* Exercise directions *
Transcribe the data as written, minus images.

Stored dataset items
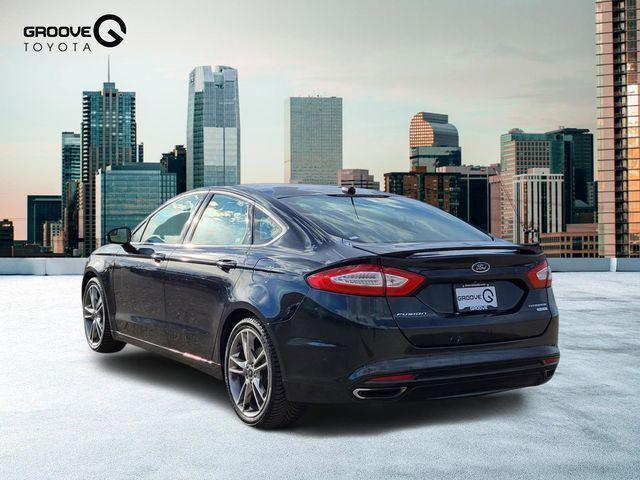 used 2014 Ford Fusion car, priced at $3,794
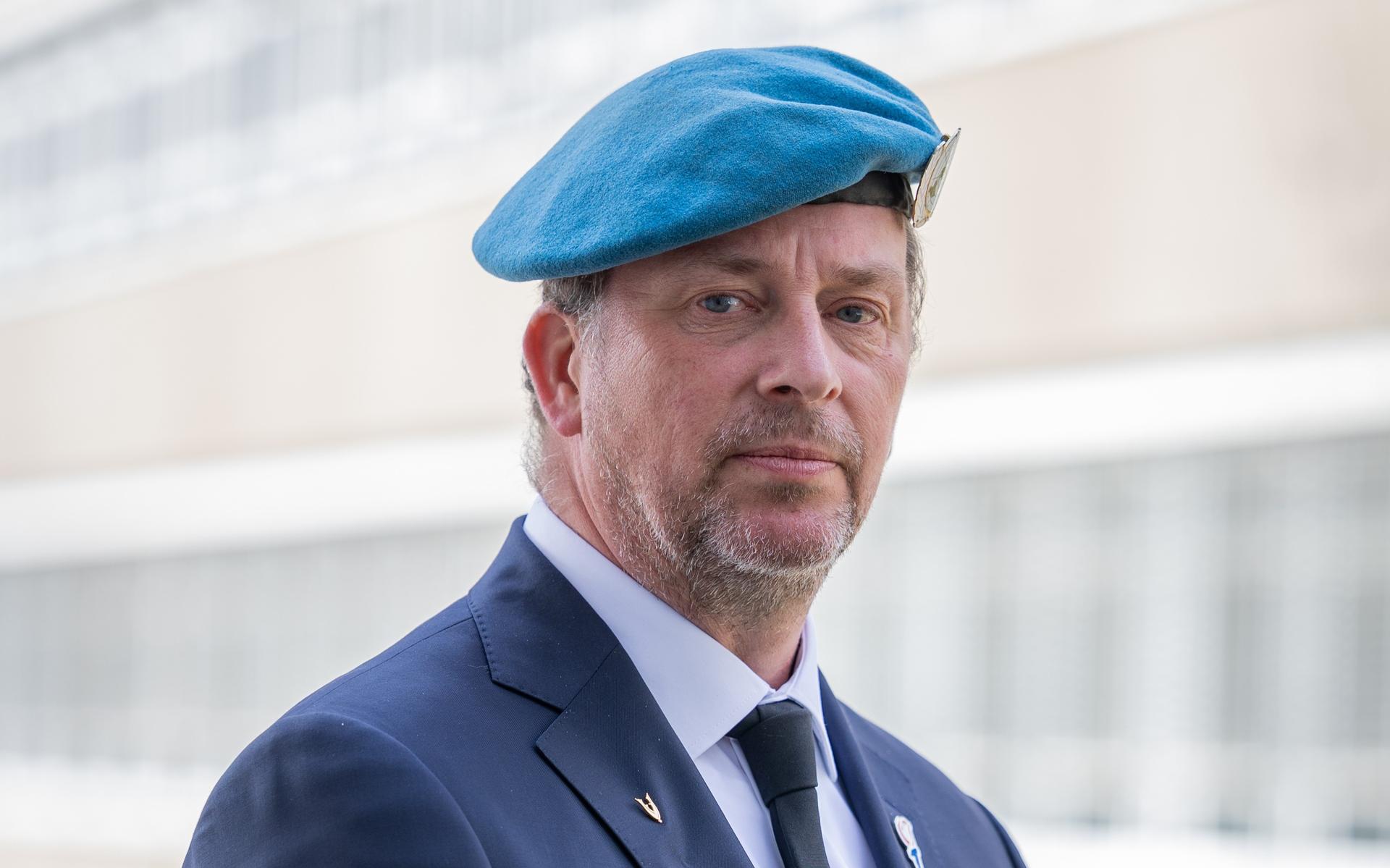 Veteraan Menno Franckena uit Ysbrechtum staat op 4 mei op de Dam: 'Oorlog is de hel op aarde'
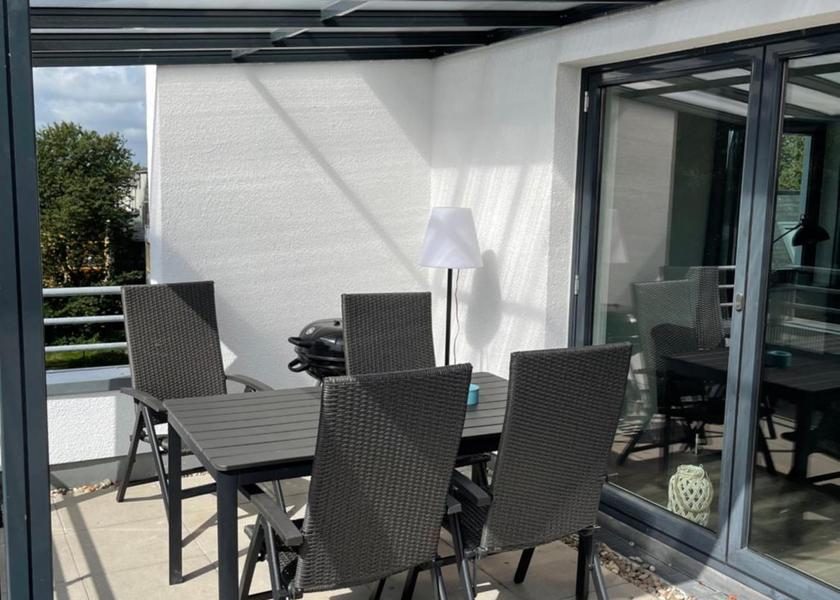 Lower Saxony Wilhelmshaven Balcony/terrace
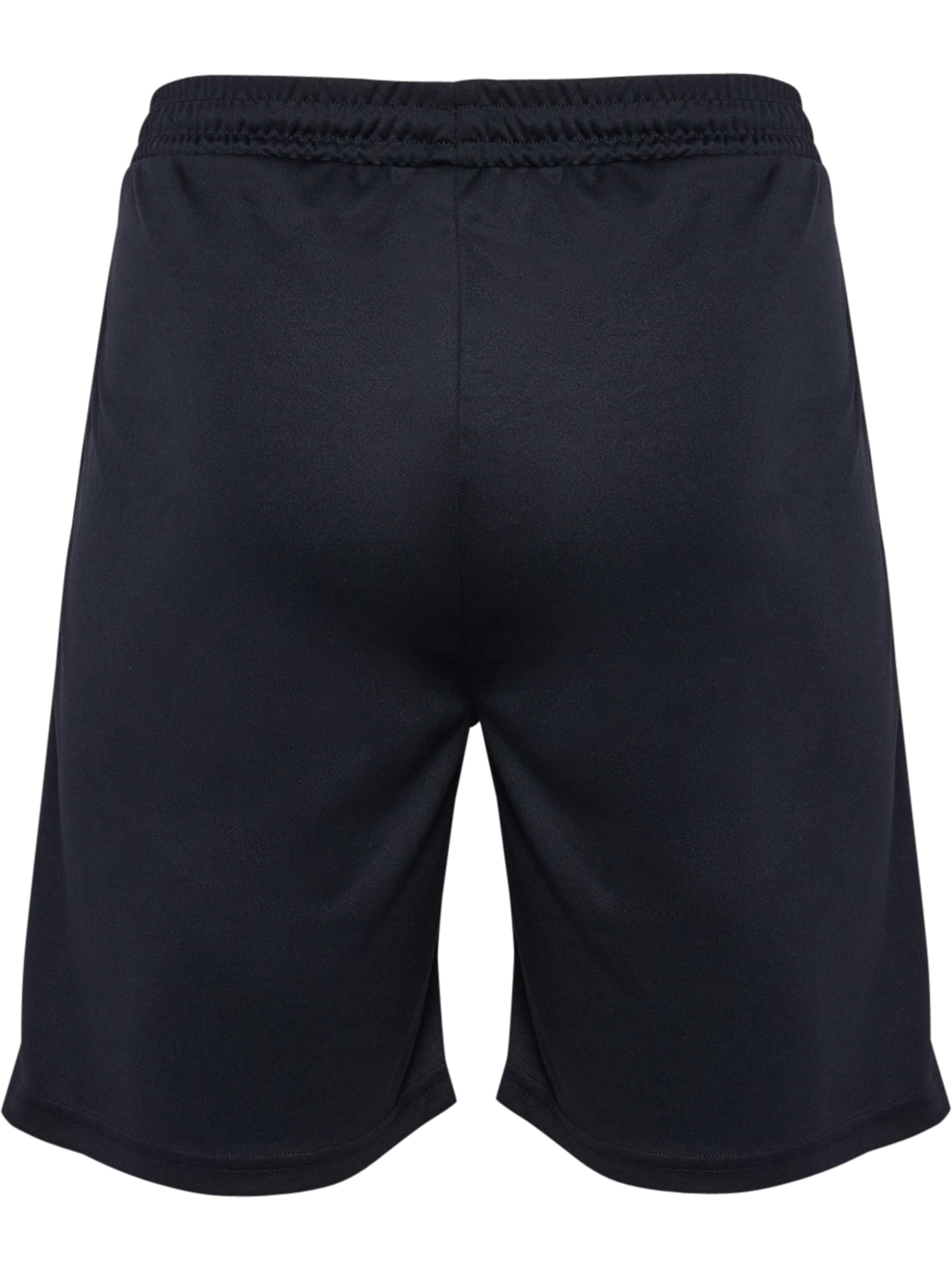 Hummel regular Sportsbukser 'Pulse' i sort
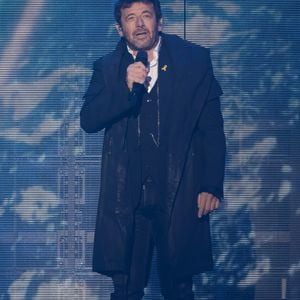 Patrick Bruel en concert au Zénith de Lille le 22 avril 2026.  © Stéphane Vansteenkiste/Bestimage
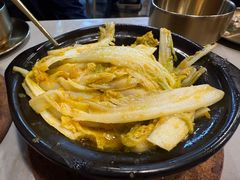 咸蛋黄娃娃菜-甬小馆·焗海鲜温州菜(五马街店)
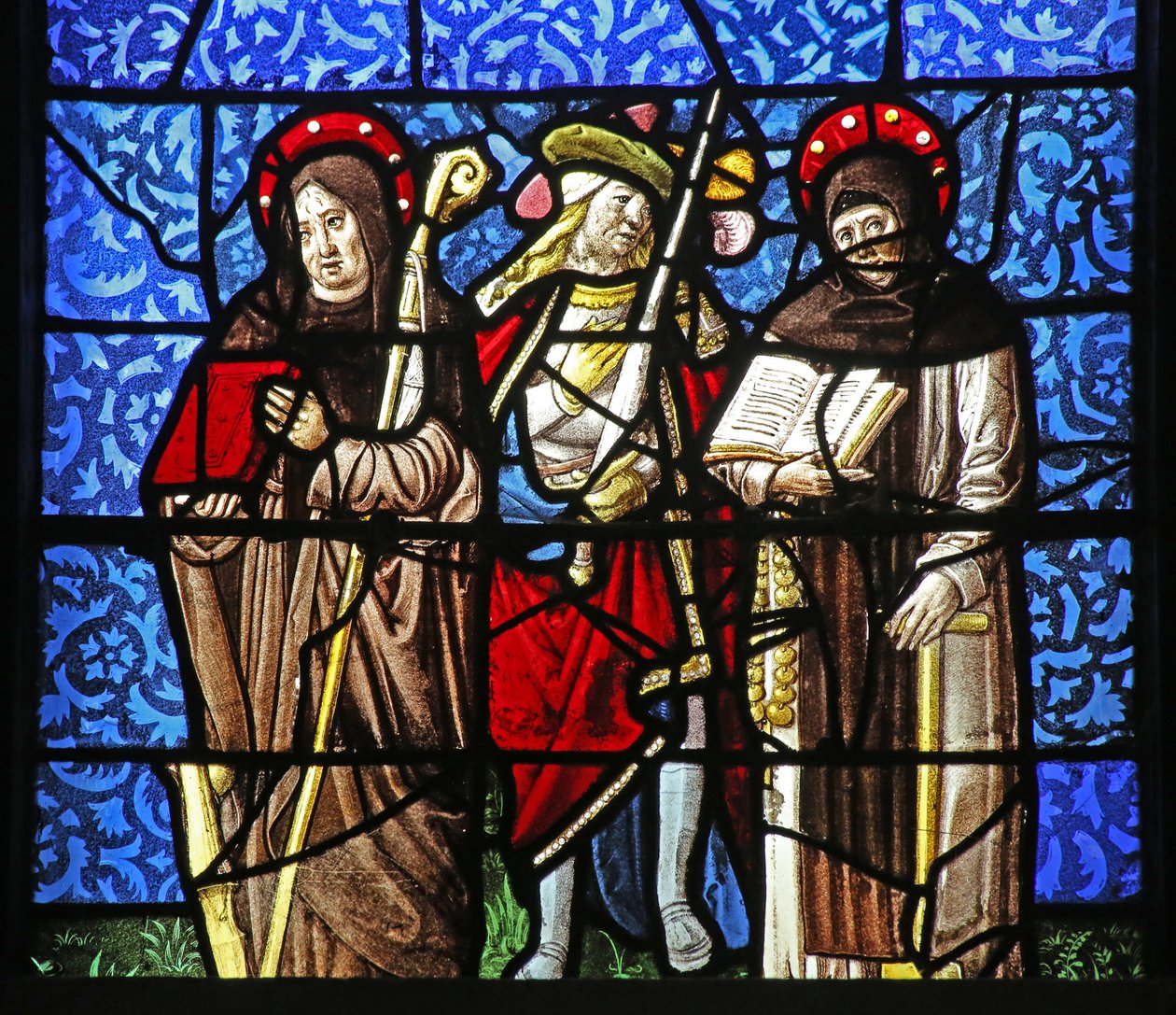 St Dominic ve St Francis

* Solution to this problem *
 used 2014 Ford Fusion car, priced at $3,794
 Veteraan Menno Franckena uit Ysbrechtum staat op 4 mei op de Dam: 'Oorlog is de hel op aarde'
 Lower Saxony Wilhelmshaven Balcony/terrace
 Hummel regular Sportsbukser 'Pulse' i sort
 Patrick Bruel en concert au Zénith de Lille le 22 avril 2026.  © Stéphane Vansteenkiste/Bestimage
 咸蛋黄娃娃菜-甬小馆·焗海鲜温州菜(五马街店)
 St Dominic ve St Francis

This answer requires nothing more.